The Confederacy was a society that was built on slavery, that sent men to fight and die in the name of white supremacy. Slavery was in the Confederacy's founding documents. In a speech outlining the values of the new nation, Vice President Alexander Stephens repudiated the US Constitution, which claimed all men were created equal.

"Our new government is founded upon exactly the opposite idea; its foundations are laid, its corner- stone rests, upon the great truth that the negro is not equal to the white man; that slavery subordination to the superior race is his natural and normal condition. This, our new government, is the first, in the history of the world, based upon this great physical, philosophical, and moral truth."

But Foner has always found that to this day, especially in South, people insist on defending the nature of the Confederacy.


"You know I'm not accusing anyone here of anything," he said "There's not a single person here who owned a slave, it's not an affront. Just read what the secession convention said. If you want to honor your ancestors take their words seriously."

As one South Carolina secessionist, Edmund Bryan, said in 1850 - perverting the words of Revolutionary War hero Patrick Henry - "Give me slavery or give me death."

He wasn't, as many have said of President Donald Trump, to be taken literally not seriously. He wasn't sending an errant tweet. He was saying he'd rather die than give up his slaves.

What a nation can do 

During our conversation, Foner asked me: when Trump is talking about saving history and culture, whose culture is it?

He answered his own question: "Not black people's."

And, he said, "When these Republicans say 'Oh I'm against bigotry" this is baloney these guys have been playing on bigotry in subtly for years."

Republicans have known who they were talking to since the days of Nixon and Goldwater. They were talking to people upset about equality of opportunity for non-whites.

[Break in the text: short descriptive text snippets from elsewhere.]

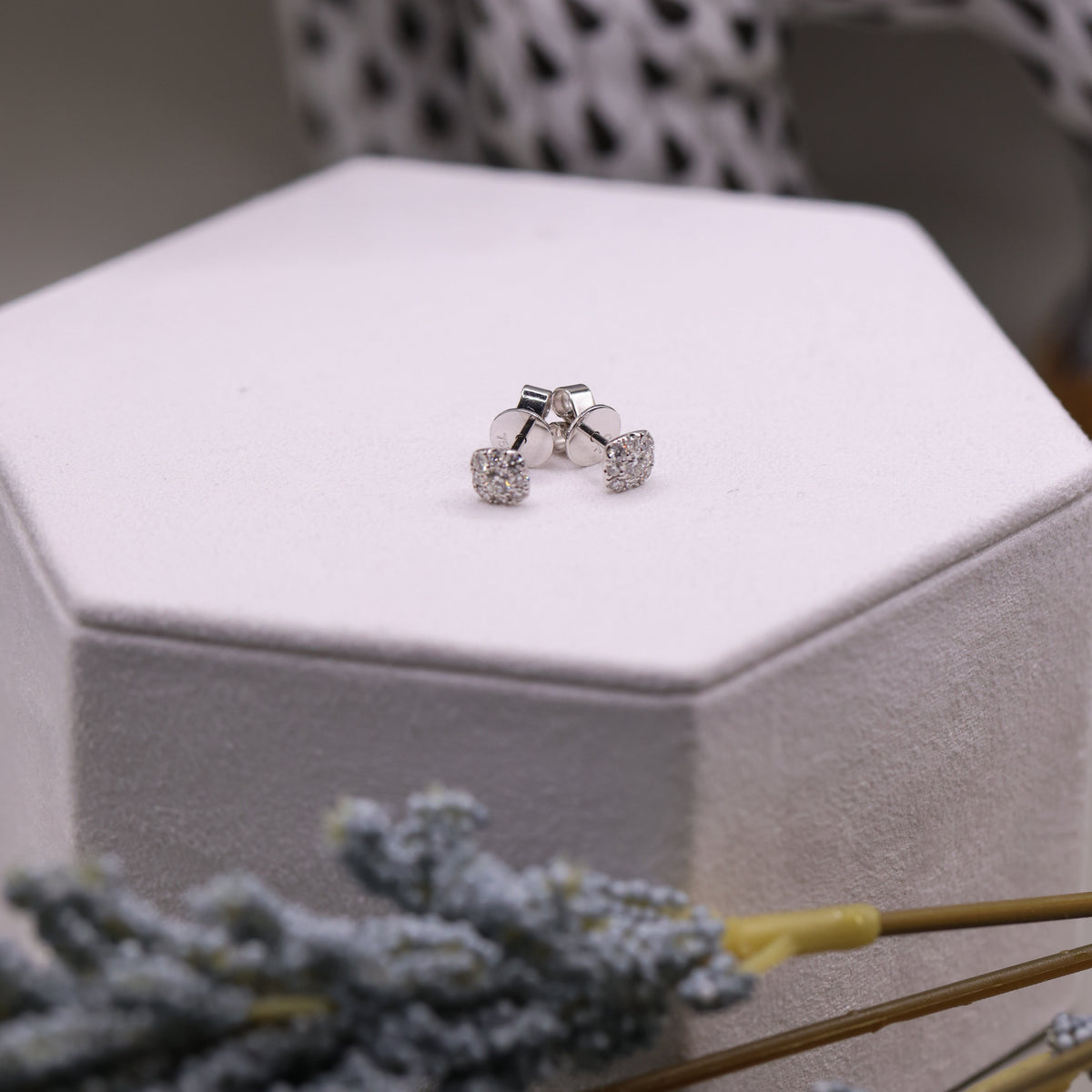 18CT White Gold Cluster Earrings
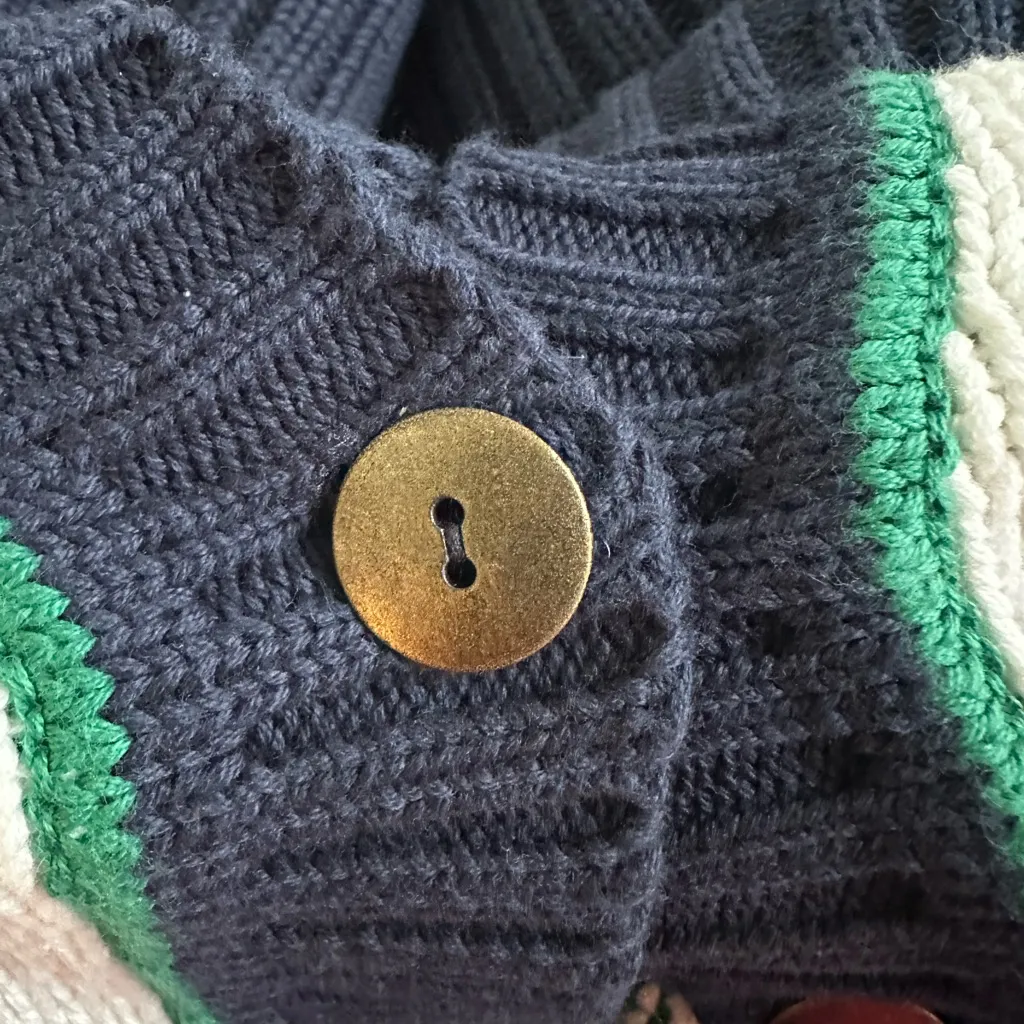 Vintage LizSport 90s Cardigan Sweater Navy Blue White Stripe Preppy Country Club - Image 9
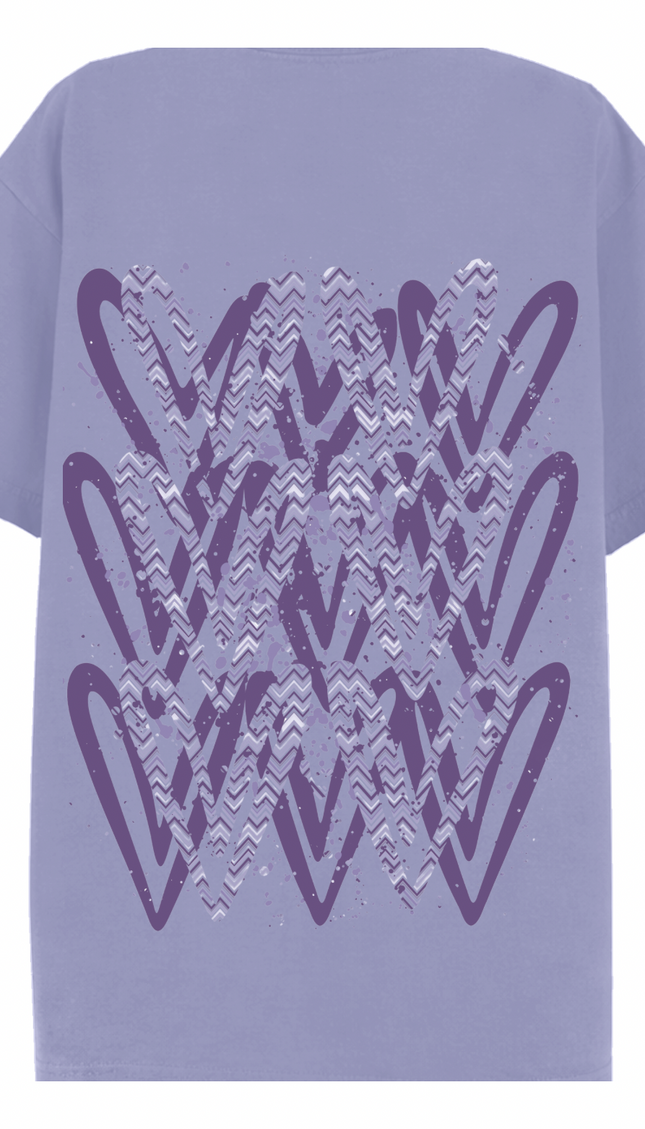 Lilac Zig Zag Heart Printed T-shirt – additional view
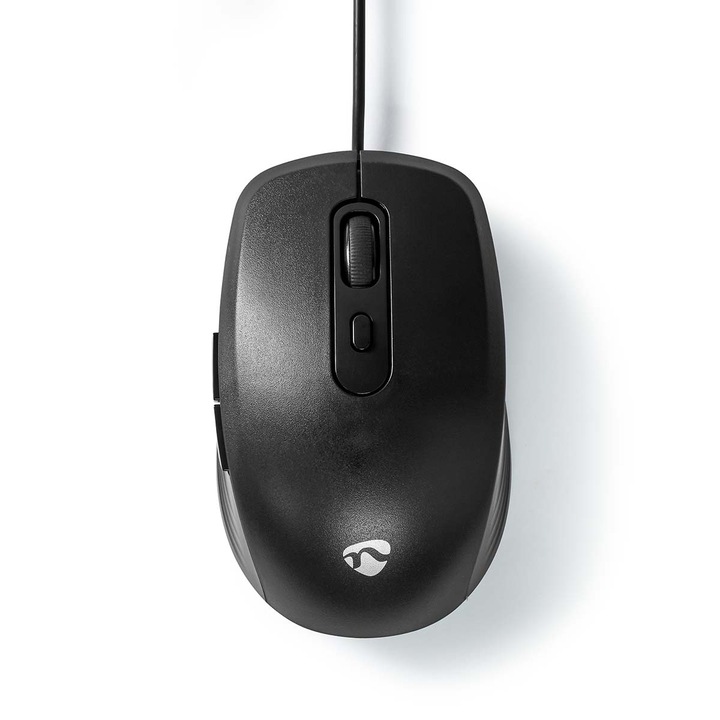 Mouse cablat, 6 butoane, 1200/1800/2400/3600 dpi, negru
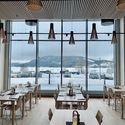 Mjøstårnet The Tower of Lake Mjøsa / Voll Arkitekter - Interior Photography, Dining room, Table, Chair, Windows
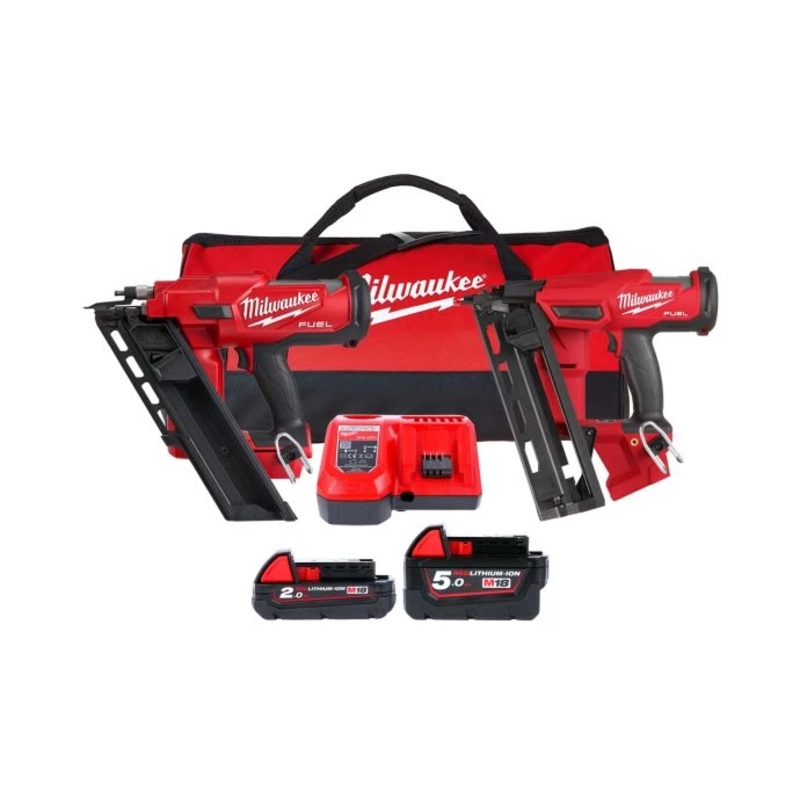 Milwaukee M18FPP2BE-522B 18V Cordless FUEL Angled Finish Nailer & Framing Nailer Twin Pack With 2 x Batteries, Charger & Tool Bag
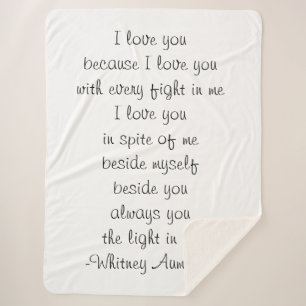 Poetry Blanket Sherpa Deken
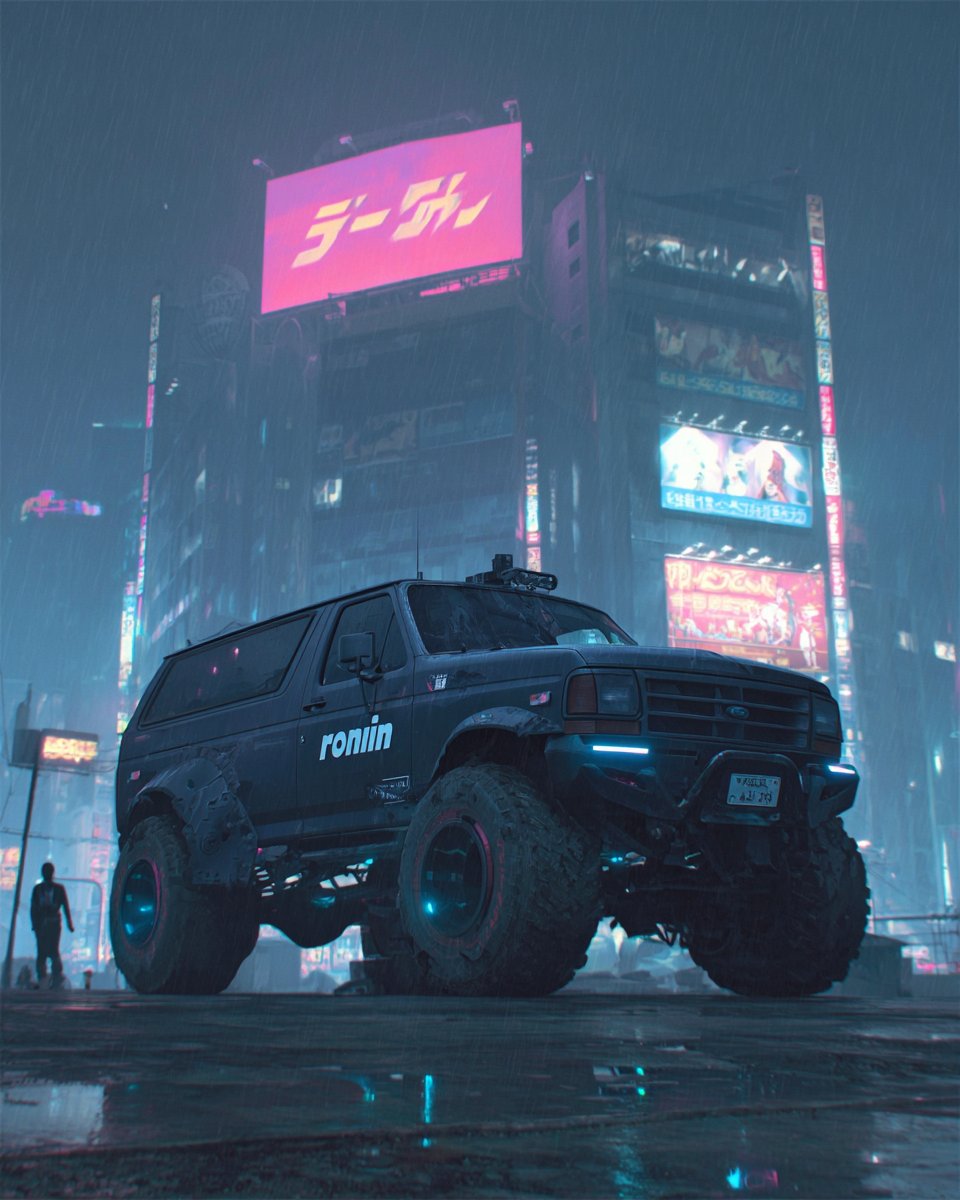 Neon Night in a Dystopian Megacity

 The only way to stop this is to call these symbols what they are - symbols of white dominance and black subjugation. In fact, they're more than that - they're about subjugating anyone who isn't white and Christian, they're about subjugating Jewish people, Muslims, and the new immigrants that have come to this country. They're about giving legitimacy to the white supremacists who claimed these symbols for their own.

There is no way to give these statues new meaning until we give them their true meaning. It's time to take them down and put them where they belong, in places where we can contextualize why they were erected, and why they will never be glorified again.

This is an opinion column. The thoughts expressed are those of the author.